--- Provided information ---

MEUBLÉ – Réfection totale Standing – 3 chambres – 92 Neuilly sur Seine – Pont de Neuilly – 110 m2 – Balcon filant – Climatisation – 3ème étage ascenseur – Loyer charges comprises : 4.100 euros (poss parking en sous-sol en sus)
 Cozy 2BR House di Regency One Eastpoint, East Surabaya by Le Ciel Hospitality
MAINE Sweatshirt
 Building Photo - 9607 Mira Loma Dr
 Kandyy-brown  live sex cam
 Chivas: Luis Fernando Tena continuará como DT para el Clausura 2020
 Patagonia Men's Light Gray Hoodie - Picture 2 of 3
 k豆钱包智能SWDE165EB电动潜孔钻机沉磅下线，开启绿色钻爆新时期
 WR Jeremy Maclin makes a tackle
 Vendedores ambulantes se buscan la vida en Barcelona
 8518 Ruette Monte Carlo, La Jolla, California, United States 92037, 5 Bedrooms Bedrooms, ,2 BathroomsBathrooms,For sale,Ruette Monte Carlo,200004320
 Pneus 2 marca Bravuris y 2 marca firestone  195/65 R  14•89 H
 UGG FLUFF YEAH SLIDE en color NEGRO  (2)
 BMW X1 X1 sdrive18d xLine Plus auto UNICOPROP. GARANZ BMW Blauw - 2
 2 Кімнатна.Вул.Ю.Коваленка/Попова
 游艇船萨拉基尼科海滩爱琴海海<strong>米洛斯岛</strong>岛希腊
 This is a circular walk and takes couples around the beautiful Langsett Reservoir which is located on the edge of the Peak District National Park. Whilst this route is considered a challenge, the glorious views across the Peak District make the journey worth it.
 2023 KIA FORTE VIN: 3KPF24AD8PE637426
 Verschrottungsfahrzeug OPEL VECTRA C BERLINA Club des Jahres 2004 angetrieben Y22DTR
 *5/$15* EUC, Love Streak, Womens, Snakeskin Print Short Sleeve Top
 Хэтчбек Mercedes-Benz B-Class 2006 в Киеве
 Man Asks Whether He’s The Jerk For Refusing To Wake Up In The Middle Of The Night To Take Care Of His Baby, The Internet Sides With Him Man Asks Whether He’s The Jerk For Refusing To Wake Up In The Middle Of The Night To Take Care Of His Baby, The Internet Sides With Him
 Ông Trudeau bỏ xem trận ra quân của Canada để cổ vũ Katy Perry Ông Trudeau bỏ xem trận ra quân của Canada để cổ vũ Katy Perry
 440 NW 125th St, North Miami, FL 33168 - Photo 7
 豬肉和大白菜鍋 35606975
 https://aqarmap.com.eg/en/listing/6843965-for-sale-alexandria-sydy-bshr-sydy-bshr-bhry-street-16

---

Task goal: Above are some records; copy exactly the lines from the one with "WR Jeremy Maclin makes a tackle" through the one with "8518 Ruette Monte", both included, and no others.

Your solution:
 WR Jeremy Maclin makes a tackle
 Vendedores ambulantes se buscan la vida en Barcelona
 8518 Ruette Monte Carlo, La Jolla, California, United States 92037, 5 Bedrooms Bedrooms, ,2 BathroomsBathrooms,For sale,Ruette Monte Carlo,200004320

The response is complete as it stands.